At O’Reilly’s “Making Data Work” seminar earlier this summer, I teamed up with a few other folks (data diva Hilary Mason, R extraordinaire Joe Adler, and visualization guru Ben Fry) to talk about data.
What follows is a blog-ified and amended version of that talk, originally entitled “Secrets of Successful Data Scientists.”
1. Choose The Right-Sized Tool
Or, as I like to say, you don’t need a chainsaw to cut butter.
If you’ve got 600 lines of CSV data that you need to work with on a one-time basis, paste it into Excel or Emacs and just do it (yes, curse the Flying Spaghetti Monster, I’ve just endorsed that dull knife called Excel).
In fact, Excel’s and Emacs’ program-by-example keyboard macros can be fantastic tool for quick and dirty data clean-up.
Alternatively, if you’ve got 600 million lines of data and you need something simple, piping together a several Unix tools (cut, uniq, sort) with a dash of Perl one-liner foo may get you there.
But don’t confuse this kind of data exploration, where the goal is to size up the data, with building proper data plumbing, where you want robustness and maintainability. Perl and bash scripts are nice for the former, but can be a nightmare for building data pipelines.
So, when it comes to choosing tools: scale them up as you need, and focus on getting results first.
2. Compress Everything
We live in an IO-bound world, where the dominant bottlenecks to data flow are disk read-speed and network bandwidth.
As I was writing this, I was downloading an uncompressed CSV file via a web API. Uncompressed, it was 257MB, ZIP-compressed: 9MB.
Compression gives you a 6-8x bump out of the gate. When moving or crunching data of a certain heft, compress everything, always: it will save you time and money.
That said, because compression can render data difficult to introspect, I don’t recommend compressing TBs of data into a single tarball, but rather splitting it up, as I discuss next.
3. Split Up Your Data
“Monolithic” is a bad word in software development.
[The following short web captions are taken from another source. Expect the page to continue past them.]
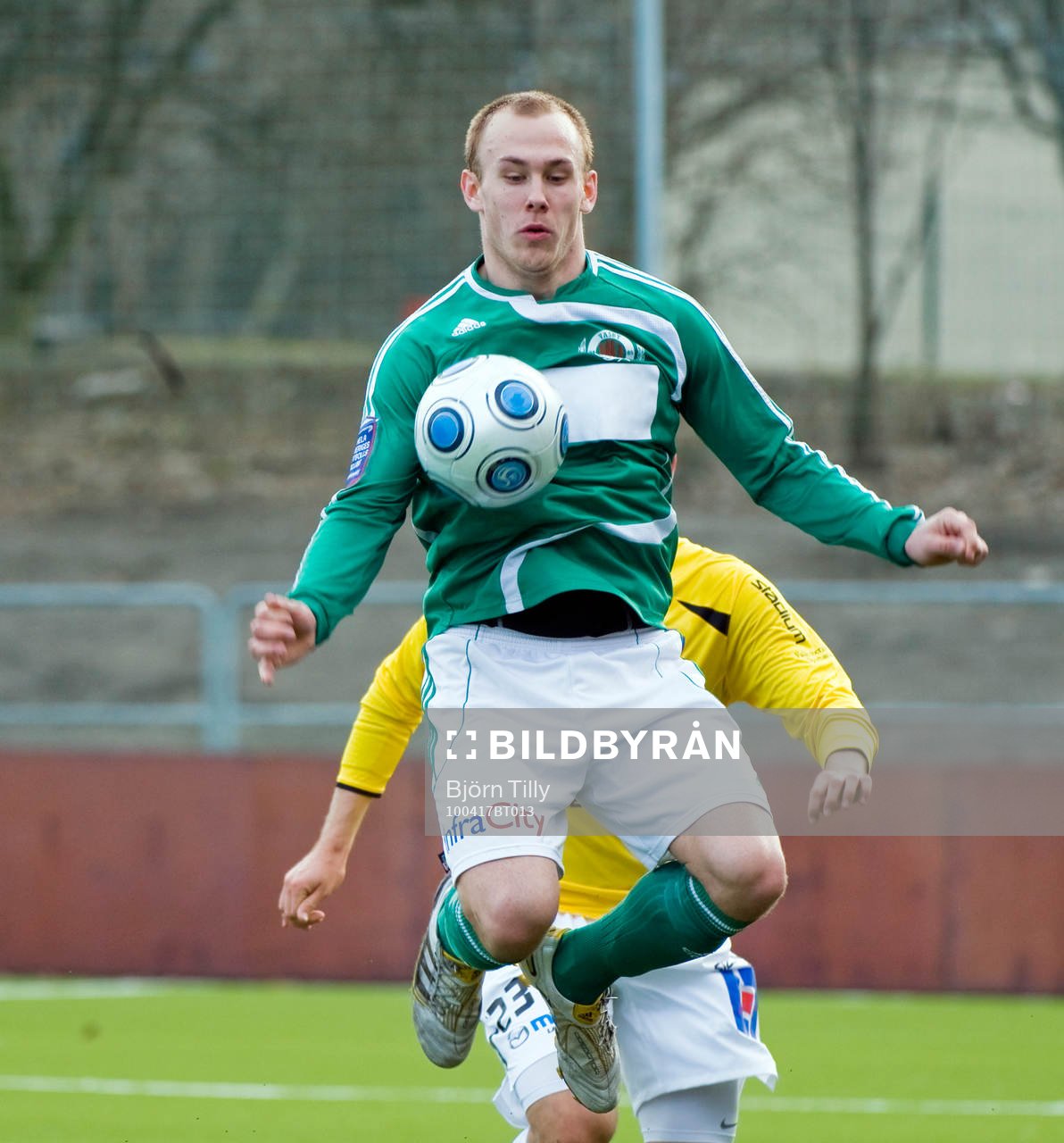 Magnus Eriksson, Väsby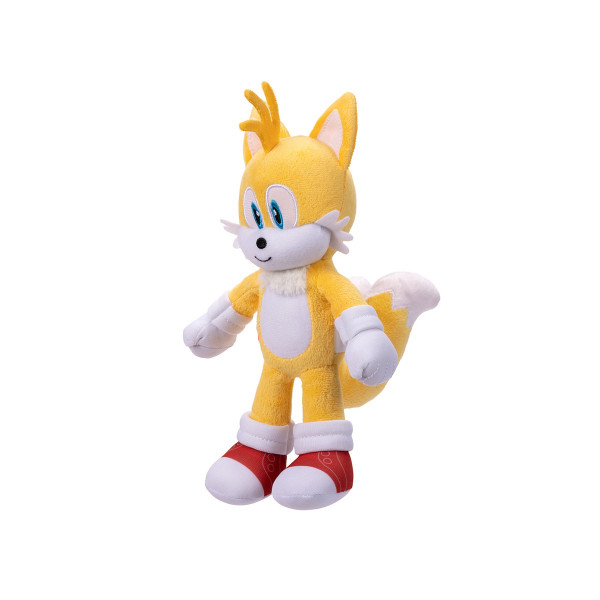 М'яка іграшка SONIC THE HEDGEHOG 2 - Тейлз 23 cm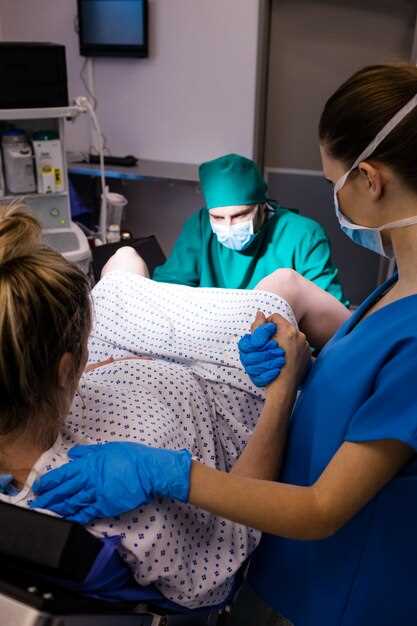 Как происходит эпидуральная анестезия во время родов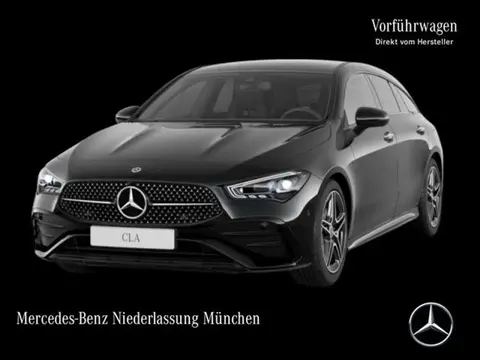 Annonce MERCEDES-BENZ CLASSE CLA Essence 2024 d'occasion 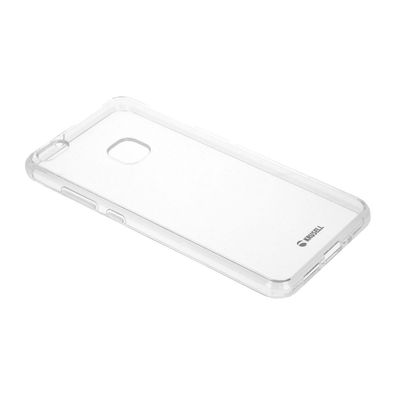 Krusell Kivik Schutzhülle für Huawei P10 Lite Transparent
It’s also, in my experience, a bad word when it comes to data.
The real world is partitioned – whether as zip codes, states, hours, or top-level web domains – and your data should be too. Respect the grain of your data, because eventually you’ll need to use it to shard your database or distribute it across your file system.
Even more, it’s this splitting up of data that enables the parallel execution in Hadoop and commercial data platforms (such as Greenplum, Aster, and Netezza).
Splitting is part of a larger design pattern succinctly identified in a paper by Hadley Wickham as: split, apply, combine .
This is, in my mind, a more lucid formulation of “map, reduce” to include key selection (“split”) as a distinct step before any map/apply.
4. Sample Your Data
Let’s say hypothetically you’ve got 200 GBs of data from your portmanteau of a start-up, FaceLink. Someone wants to know if more people visit on Mondays or Fridays, what do you do?
Before you wonder “if only I had 64 GB of RAM on my MacBook Pro”, or fire up a Hadoop streaming job, try this: look at a 10k sample of data.
It’s easy to visually inspect, or pull into R and plot.
Sampling allows you to quickly iterate your approach, and work around edge cases (say, pesky unescaped line terminators), before running a many-hour job on the full monty.
That said, sampling can bite you if you’re not careful: when data is skewed, which it always is, it can be hard to estimate joint-distributions – comparing the means of California vs Alaska, for example, if your sample is dominated by Californians (an issue that statistics, that sexy skill, can address).
5. Smart Borrows, But Genius Uses Open Source
Before you create something new out of whole cloth, pause and consider that someone else may have already seen it, solved it, and open-sourced it.
A Google Code Search may find turn up a regular expression for that obscure data format.
The open source community allows you, if not to stand on the shoulders of giants, to at least rely on the gruntwork of fellow geeks.
6. Keep Your Head in the Cloud
This past week, an engineer friend was just thinking about buying a dream desktop: a high RAM, multi-core box to run machine learning code over TBs of data.
I told him it was a terrible idea.
Why? Because the data he wants to work on isn’t local, it’s on an Amazon EC2 cluster. It’d take hours to download those TBs over a cable connection.
If you want to compute locally, pull down a sample. But if your data is in the cloud, that’s where your tools and code should be.
7. Don’t Be Clever
I once heard Brewster Kahle discuss managing the Internet Archive’s many-petabyte data platform: “everytime one of our engineers comes to me with a new, ingenious and clever idea for managing our data, I have a response: ‘You’re fired.’”
Hyperbole aside, his point is well-taken: cleverness doesn’t scale.
When dealing with big data, embrace standards and use commonly available tools. Most of all, keep it simple, because simplicity scales.
I know of a firm that, several years ago, decided to fork one part of Hadoop because they had a more clever approach. Today, they are several versions behind the latest release, and devoting time & energy to back-porting changes.
Cleverness rarely pays off. Focus your precious programmer-hours on the problems that are unsolved, not simply unoptimized.